— Exercise brief —
Would you repeat the listing below verbatim and drop the images?

— Information supplied —
*** Block opens ***

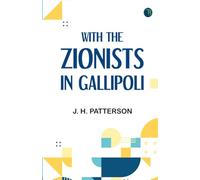 With the Zionists in Gallipoli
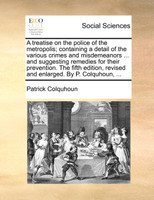 A treatise on the police of the metropolis; containing a detail of the various crimes and misdemeanors ... and suggesting remedies for their prevention. The fifth edition, revised and enlarged. By P. Colquhoun, ...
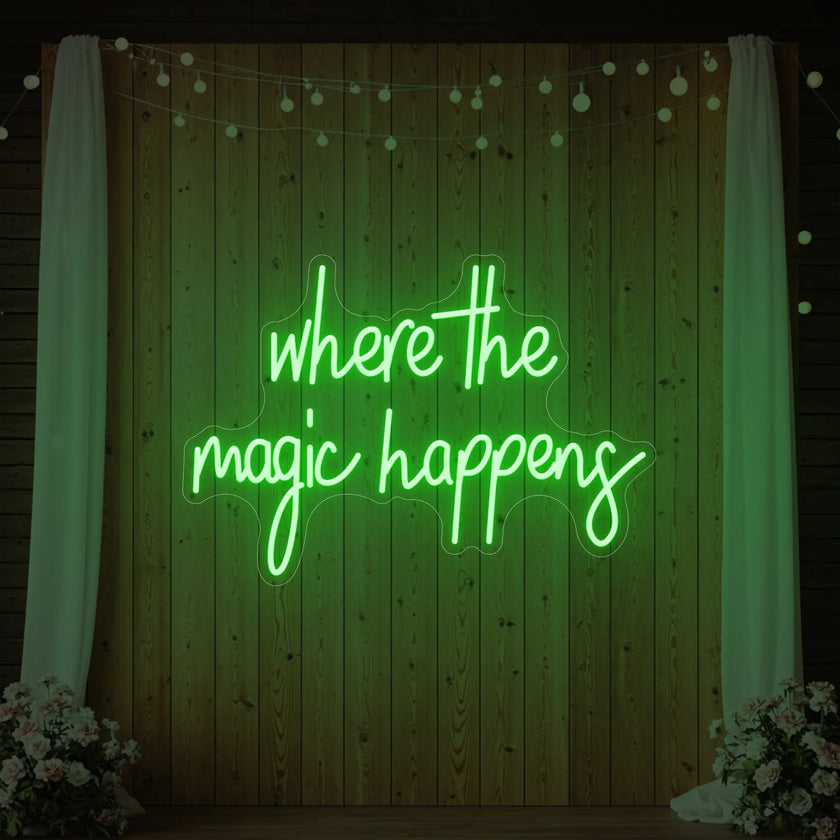 Where The Magic Happens Led Neon Sign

*** Block closes ***

— Exercise output —
 With the Zionists in Gallipoli
 A treatise on the police of the metropolis; containing a detail of the various crimes and misdemeanors ... and suggesting remedies for their prevention. The fifth edition, revised and enlarged. By P. Colquhoun, ...
 Where The Magic Happens Led Neon Sign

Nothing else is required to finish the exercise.